What many of us have converged on in the DIB Lab

git/GitHub + snakemake + (Jupyter Notebook or R) + conda

With this collection of tools, we can generally achieve full repeatability.


Some points :

  • we use a diverse array of computing environments: Mac vs Linux, HPC vs cloud (AWS/GCP/Jetstream) vs docker vs binder (dynamically configured docker containers). This approach works across all of them more or less seamlessly.
  • Software installation was THE last remaining major pain point for us until bioconda came along. This solves almost all of the problems.

  • And, before that, my workflow tool was Makefiles which no one but me liked - until snakemake, which we've more or less converged on.
  • This stack of software is something that (with minor modifications and sometimes major extensions) most data scientists I talk to have converged on.

  • The Carpentries teaches most of this (not snakemake or conda, but conda is an easy extension)
  • We ran a whole ~100 person workshop using (bio)conda with only a few failures!

The Journey


Overall strategy

For each paper we write, we try to provide a repeatable pipeline on GitHub. Then, for publication, we link the GitHub repo to Zenodo and cut a new version, which gives us a DOI to cite for exactly the version of the code used.
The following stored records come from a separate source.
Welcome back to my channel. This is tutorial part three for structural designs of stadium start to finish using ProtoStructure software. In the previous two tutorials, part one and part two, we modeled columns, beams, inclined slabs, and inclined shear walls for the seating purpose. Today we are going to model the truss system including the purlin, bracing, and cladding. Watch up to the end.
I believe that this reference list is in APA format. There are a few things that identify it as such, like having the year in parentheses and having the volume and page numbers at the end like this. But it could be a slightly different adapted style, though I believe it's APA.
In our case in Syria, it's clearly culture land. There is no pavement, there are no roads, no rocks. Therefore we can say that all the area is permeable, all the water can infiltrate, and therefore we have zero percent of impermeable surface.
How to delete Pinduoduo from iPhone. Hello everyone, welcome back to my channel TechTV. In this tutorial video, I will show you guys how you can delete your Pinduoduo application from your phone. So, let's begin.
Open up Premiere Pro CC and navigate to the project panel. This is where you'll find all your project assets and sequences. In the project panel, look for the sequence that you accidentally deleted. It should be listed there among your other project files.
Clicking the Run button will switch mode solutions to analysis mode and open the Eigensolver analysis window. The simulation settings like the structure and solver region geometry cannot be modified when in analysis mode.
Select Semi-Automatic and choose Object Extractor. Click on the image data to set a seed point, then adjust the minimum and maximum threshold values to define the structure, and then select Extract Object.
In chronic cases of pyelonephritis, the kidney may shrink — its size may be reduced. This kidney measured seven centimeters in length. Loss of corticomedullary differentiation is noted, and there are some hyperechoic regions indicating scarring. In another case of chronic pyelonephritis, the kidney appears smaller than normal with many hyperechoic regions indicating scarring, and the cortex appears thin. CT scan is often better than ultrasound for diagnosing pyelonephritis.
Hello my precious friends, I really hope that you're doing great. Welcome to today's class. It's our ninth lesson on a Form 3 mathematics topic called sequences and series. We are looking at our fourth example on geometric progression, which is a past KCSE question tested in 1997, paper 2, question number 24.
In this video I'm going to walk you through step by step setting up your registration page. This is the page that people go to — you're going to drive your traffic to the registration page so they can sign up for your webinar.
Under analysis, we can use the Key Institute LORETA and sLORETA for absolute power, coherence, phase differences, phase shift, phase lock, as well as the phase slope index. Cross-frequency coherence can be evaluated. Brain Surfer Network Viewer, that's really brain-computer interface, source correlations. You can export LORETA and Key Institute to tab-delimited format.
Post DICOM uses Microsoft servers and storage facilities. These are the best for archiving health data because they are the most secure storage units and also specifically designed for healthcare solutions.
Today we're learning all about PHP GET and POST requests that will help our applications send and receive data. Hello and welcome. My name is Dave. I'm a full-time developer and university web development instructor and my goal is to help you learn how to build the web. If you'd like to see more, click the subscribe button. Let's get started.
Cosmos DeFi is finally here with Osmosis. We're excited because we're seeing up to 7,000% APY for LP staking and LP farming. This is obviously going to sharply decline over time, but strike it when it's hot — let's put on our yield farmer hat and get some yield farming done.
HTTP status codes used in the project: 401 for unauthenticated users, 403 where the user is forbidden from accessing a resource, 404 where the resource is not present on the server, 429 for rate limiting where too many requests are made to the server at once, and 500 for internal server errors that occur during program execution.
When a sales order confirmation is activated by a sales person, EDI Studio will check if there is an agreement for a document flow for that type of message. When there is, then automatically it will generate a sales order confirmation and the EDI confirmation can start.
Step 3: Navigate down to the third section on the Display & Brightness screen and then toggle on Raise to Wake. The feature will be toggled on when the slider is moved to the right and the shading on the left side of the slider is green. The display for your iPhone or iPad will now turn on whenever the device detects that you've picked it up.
This is the strategy we used for the MMETSP paper, "Re-assembly, quality evaluation, and annotation of 678 microbial eukaryotic reference transcriptomes", which is now accepted at GigaScience (yay!!)


Large raw data files are hosted on specific archival services (e.g. the Sequence Read Archive). Zenodo or figshare or the Open Science Framework serve as nice places to dump intermediate files.


For figure generation, we tend to use Jupyter Notebooks and/or R scripts that are in the github repo. Where possible we put the summary files used to build the figures in the github repo; if they're bigger than 100MB, we put them on OSF; if they're bigger than 5 GB, we start looking at zenodo.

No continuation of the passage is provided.